Captioned web image data
= = =

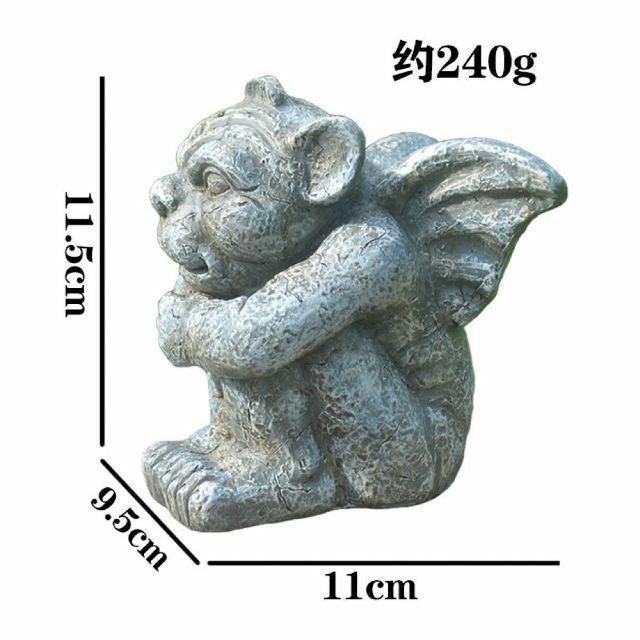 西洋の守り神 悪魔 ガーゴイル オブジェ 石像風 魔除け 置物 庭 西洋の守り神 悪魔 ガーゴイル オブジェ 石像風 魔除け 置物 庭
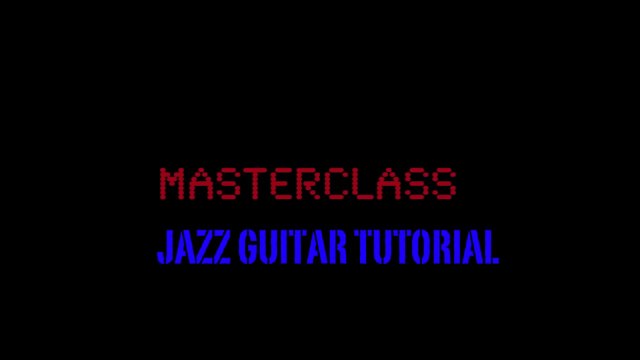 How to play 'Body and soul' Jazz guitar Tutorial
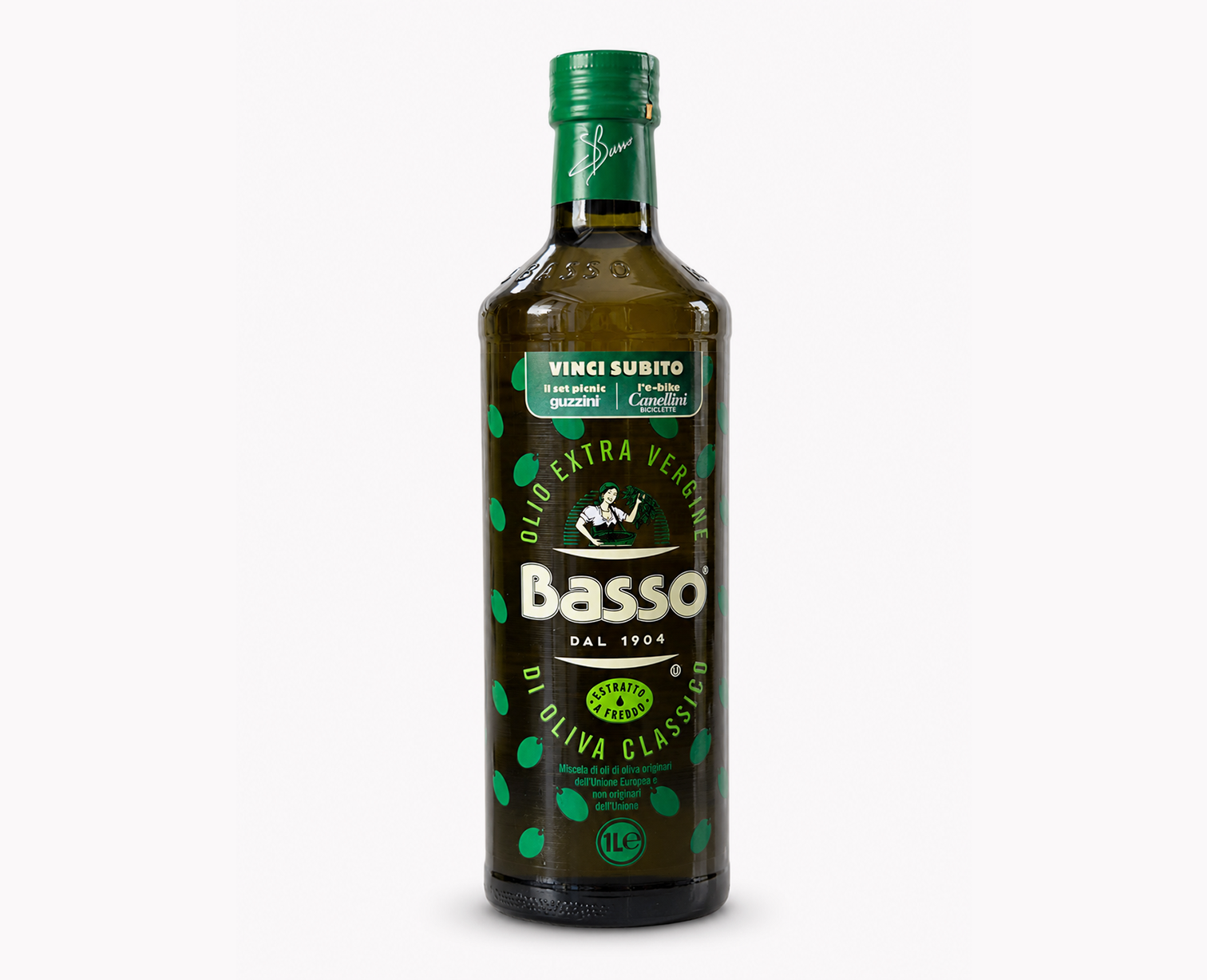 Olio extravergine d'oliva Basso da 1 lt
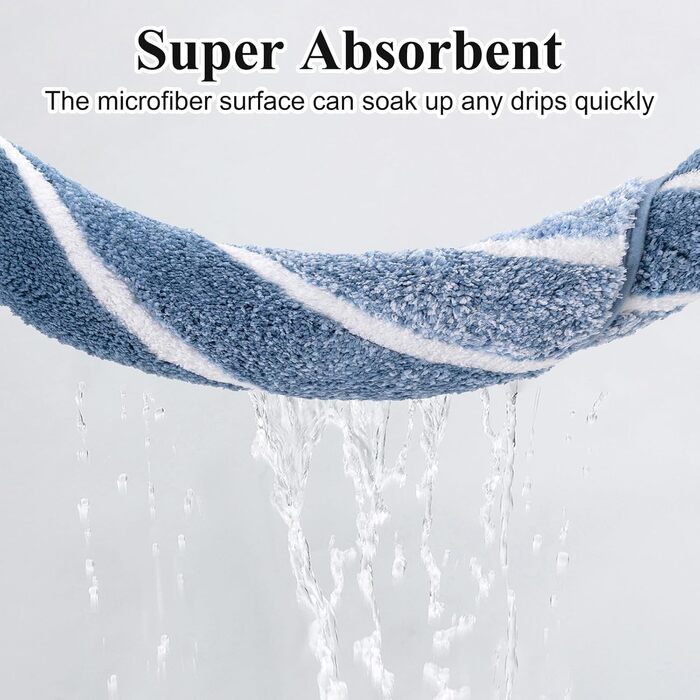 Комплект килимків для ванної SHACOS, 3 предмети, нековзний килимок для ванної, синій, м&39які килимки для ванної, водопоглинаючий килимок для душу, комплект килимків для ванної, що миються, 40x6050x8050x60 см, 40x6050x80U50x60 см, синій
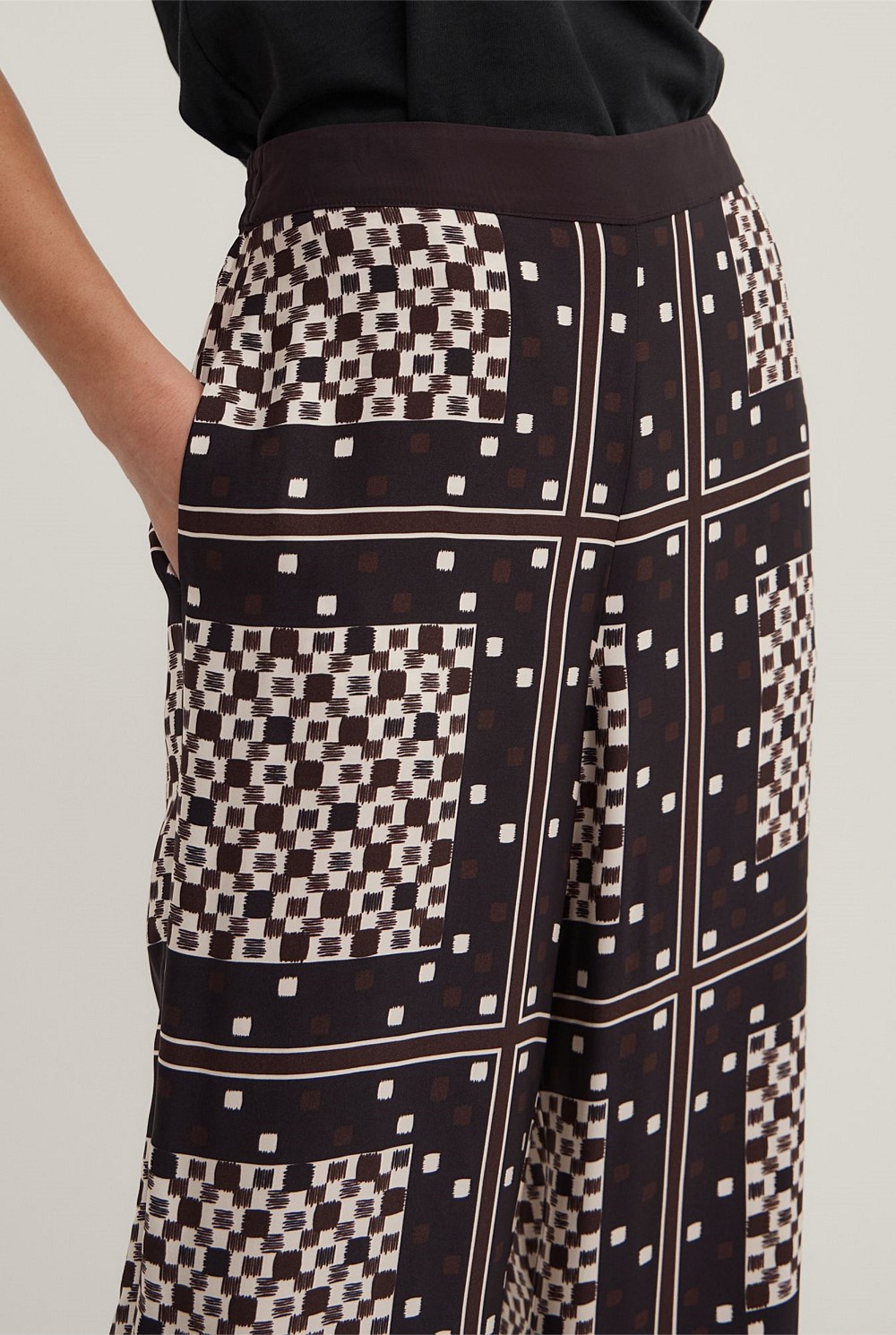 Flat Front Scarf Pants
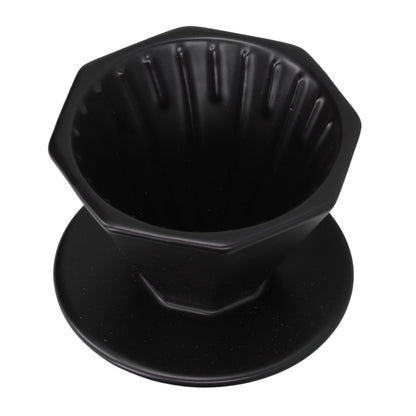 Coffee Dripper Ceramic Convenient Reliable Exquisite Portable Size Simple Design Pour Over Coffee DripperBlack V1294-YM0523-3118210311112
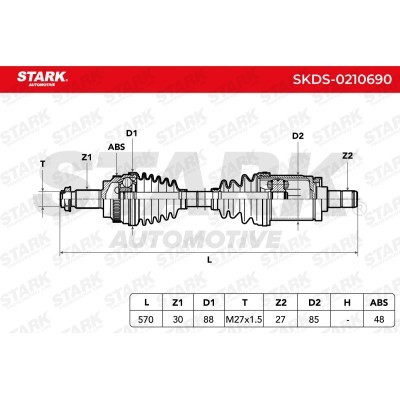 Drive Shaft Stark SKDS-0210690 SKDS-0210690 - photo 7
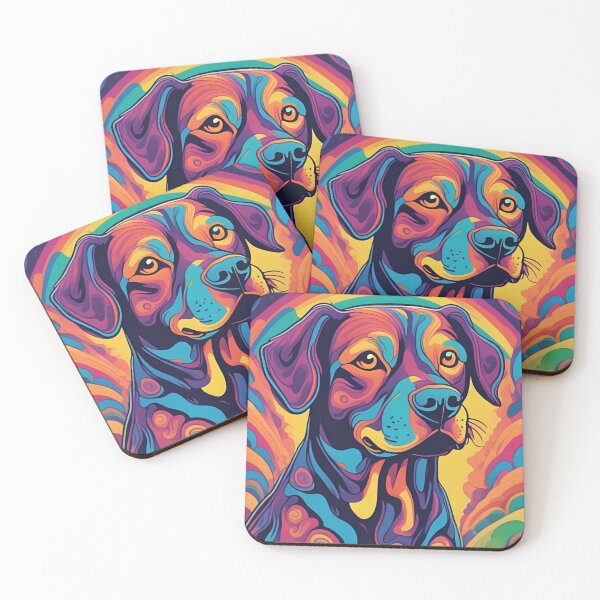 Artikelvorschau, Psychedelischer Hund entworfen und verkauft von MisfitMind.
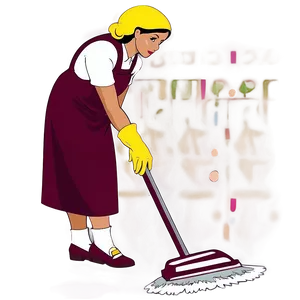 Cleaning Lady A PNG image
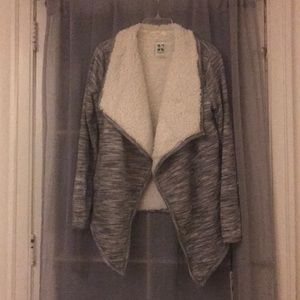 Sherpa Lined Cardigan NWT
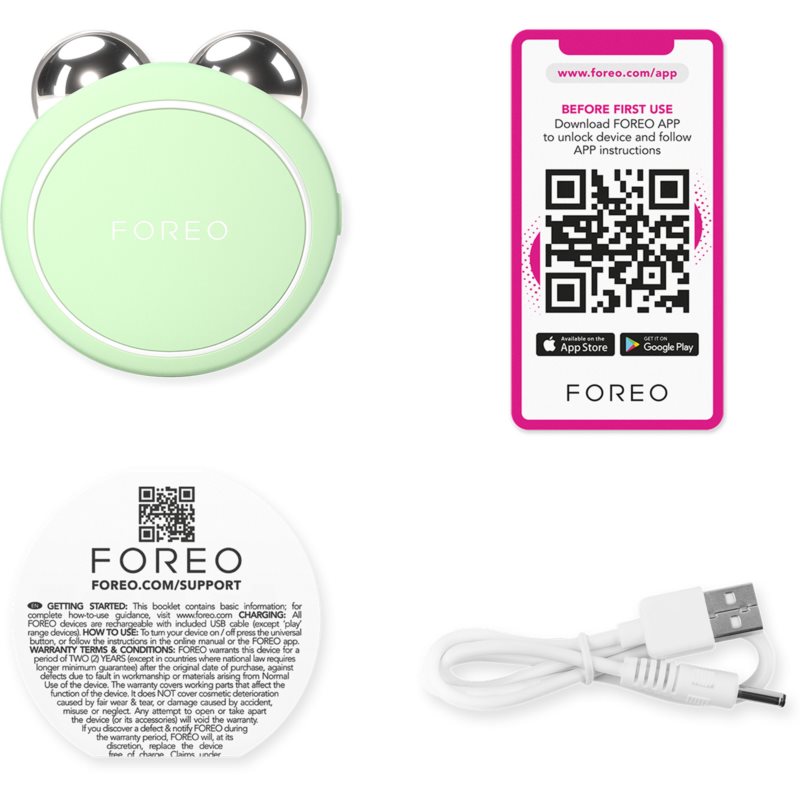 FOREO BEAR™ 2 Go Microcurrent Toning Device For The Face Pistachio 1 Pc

= = =

Repeat word for word the lines starting at the one with "Flat Front Scarf Pants" and ending at the final line of the records above, both included; no pictures.

 Flat Front Scarf Pants
 Coffee Dripper Ceramic Convenient Reliable Exquisite Portable Size Simple Design Pour Over Coffee DripperBlack V1294-YM0523-3118210311112
 Drive Shaft Stark SKDS-0210690 SKDS-0210690 - photo 7
 Artikelvorschau, Psychedelischer Hund entworfen und verkauft von MisfitMind.
 Cleaning Lady A PNG image
 Sherpa Lined Cardigan NWT
 FOREO BEAR™ 2 Go Microcurrent Toning Device For The Face Pistachio 1 Pc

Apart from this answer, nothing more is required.